Au passage, votre discours vous permet, au nom de l’impartialité, de mener une croisade que l’on pensait révolue contre le syndicalisme judiciaire, pourtant reconnu dans ce pays depuis 1972. Ces propos lourds de menaces témoignent d’une perception aussi étriquée que régressive de la fonction judiciaire.
Le justiciable n’a rien à craindre de l’engagement du magistrat dans la vie de la cité, facteur de décisions adaptées et comprises. Il a davantage à redouter, au nom même de l’apparence d’impartialité, du mouvement législatif auquel vous participez qui limite toujours plus la collégialité des décisions et l’existence d’audiences publiques.
Le Syndicat de la magistrature a toujours manifesté son attachement aux questions de déontologie, dont l’impartialité est une composante essentielle. Il y a quelques semaines, nous vous avons d’ailleurs alertée sur un grave dysfonctionnement qui semblait avoir affecté la bonne marche de la justice toulousaine. Nous attendons toujours une réponse ou une réaction de votre part. Mais peut-être certaines impartialités vous tourmentent-elles moins que d’autres ?

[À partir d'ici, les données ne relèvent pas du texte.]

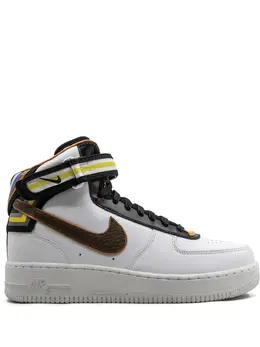 Кроссовки Air Force 1 Mid Tisci Nike, белый 14105756 | белый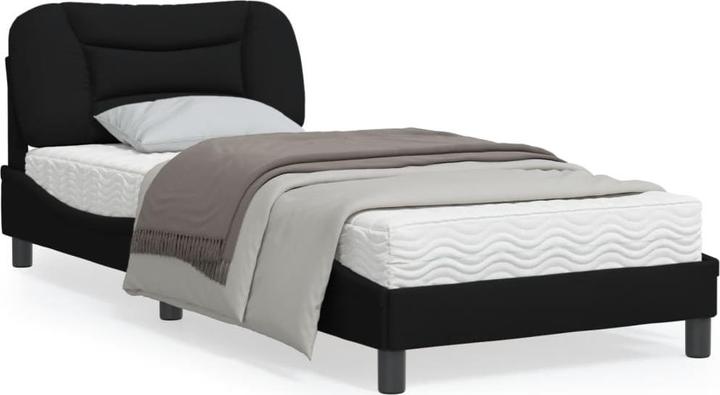 Image du produit VidaXL Cadre de lit avec tissu LED (80 x 200 cm)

Pour conclure, Madame la garde des sceaux, nous savons combien votre position est actuellement inconfortable. Votre réforme de la procédure pénale est dans l’impasse et vous devez garder la face. Cela ne doit pas vous conduire à faire peser, pour les besoins de votre communication, la responsabilité de cet échec annoncé sur les magistrats."